Splatter, Slasher, Sensationen: Das 21. Fantasy-Filmfest taucht in die Unterwelt der Vorstellungskraft.

Wie kommt der Mann auf den Gitterzaun? Er liegt da, ausgestreckt, von mehreren Spitzen durchbohrt. Nach einem Unfall oder Selbstmord sieht das nicht aus, eher nach einem Happening. Es interessiert auch niemanden, warum der Mann da liegt. Er stört das Stadtbild, er muss weg. Zwei Arbeiter holen ihn herunter. Dabei bricht der Körper auseinander, Innereien kleckern auf den Bürgersteig. Für die Arbeiter ist das kein Grund zur Panik. Für sie macht es keinen Unterschied, ob sie einen Toten oder Graffiti entfernen. Ekel ist ihnen fremd.

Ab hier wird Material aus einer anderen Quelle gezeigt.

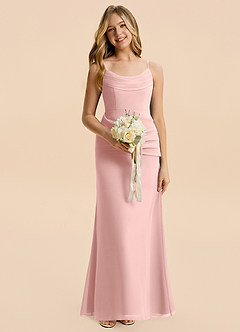 Azazie Nettie Junior Powder Pink A-Line Pleated Chiffon Dress image5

Der norwegische Regisseur Jens Lien führt in „Anderland“ („The Bothersome Man“) eine schöne neue Welt vor, in der alle Menschen zufrieden sind und die wenigen Zweifler ausgemustert werden. Der Büroangestellte Andreas ist so ein Zweifler. Ihm kommt es merkwürdig vor, dass in dieser Welt nichts riecht oder schmeckt. Man sieht auch nirgendwo Kinder. Wie kommt man von hier weg? Für einen Augenblick wirkt „Anderland“ wie eine Allegorie auf die DDR: Durch das Loch in einer Mauer entdeckt Andreas eine sinnliche, farbenfrohe Welt, doch seine Fluchtpläne stoßen auf Unverständnis. Warum will er weg, wenn es hier alles Nötige gibt? Dabei verzichtet Jens Lien auf platte Zivilisationskritik. Sein Film lädt zur Identifikation ein und bleibt doch bis zuletzt rätselhaft. Er ist gruselig, lustig, traurig und wirkt an keiner Stelle überambitioniert.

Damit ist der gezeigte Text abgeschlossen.